Identify the line in which "Beach Ceramic Ornament" appears, then reproduce that line and all remaining lines of the records word for word.

-- Records for this exercise follows --

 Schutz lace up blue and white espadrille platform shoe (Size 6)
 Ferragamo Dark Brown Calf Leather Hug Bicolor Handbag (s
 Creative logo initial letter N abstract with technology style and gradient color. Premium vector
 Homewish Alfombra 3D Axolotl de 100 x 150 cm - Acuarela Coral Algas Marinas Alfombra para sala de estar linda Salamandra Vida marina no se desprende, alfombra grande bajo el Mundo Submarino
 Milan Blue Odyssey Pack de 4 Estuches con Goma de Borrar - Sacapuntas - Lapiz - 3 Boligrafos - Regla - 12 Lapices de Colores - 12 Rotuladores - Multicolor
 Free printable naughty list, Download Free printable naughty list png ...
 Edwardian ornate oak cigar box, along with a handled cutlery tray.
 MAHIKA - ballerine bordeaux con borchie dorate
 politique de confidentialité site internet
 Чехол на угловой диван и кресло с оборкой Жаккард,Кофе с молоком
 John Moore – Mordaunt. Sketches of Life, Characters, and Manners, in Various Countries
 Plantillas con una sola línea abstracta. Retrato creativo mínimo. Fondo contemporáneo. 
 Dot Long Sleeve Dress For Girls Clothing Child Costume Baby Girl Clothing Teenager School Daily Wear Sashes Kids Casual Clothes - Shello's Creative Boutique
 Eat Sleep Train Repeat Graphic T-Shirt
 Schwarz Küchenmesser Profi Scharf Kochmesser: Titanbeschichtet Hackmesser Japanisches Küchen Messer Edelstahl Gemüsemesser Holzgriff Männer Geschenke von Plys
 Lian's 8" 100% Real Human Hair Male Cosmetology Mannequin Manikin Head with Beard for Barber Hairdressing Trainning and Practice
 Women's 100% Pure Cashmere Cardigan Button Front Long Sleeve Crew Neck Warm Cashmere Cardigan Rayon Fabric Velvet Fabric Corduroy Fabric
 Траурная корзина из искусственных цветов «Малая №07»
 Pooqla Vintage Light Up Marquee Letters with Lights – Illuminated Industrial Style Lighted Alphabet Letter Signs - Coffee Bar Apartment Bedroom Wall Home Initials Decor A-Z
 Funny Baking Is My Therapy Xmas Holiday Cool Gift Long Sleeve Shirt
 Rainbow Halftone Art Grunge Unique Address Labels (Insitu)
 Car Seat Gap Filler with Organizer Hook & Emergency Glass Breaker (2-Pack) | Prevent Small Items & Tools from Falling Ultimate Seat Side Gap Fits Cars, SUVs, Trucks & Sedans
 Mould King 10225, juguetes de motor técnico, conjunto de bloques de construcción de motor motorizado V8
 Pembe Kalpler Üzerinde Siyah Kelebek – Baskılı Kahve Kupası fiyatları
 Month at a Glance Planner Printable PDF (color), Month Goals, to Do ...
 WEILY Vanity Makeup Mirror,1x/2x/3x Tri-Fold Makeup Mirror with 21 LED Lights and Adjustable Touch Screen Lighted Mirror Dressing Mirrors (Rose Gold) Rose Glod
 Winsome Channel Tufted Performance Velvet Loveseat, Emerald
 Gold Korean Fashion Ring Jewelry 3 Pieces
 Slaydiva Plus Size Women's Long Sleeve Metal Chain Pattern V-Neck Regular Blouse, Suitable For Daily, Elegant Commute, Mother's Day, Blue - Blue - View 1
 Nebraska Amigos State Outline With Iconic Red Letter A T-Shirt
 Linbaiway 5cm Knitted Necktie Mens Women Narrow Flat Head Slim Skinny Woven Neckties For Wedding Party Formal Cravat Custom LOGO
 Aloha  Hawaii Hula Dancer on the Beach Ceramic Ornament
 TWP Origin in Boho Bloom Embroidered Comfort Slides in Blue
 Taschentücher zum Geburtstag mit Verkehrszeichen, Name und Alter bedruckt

-- Records for this exercise concluded --

Response for this exercise
 Aloha  Hawaii Hula Dancer on the Beach Ceramic Ornament
 TWP Origin in Boho Bloom Embroidered Comfort Slides in Blue
 Taschentücher zum Geburtstag mit Verkehrszeichen, Name und Alter bedruckt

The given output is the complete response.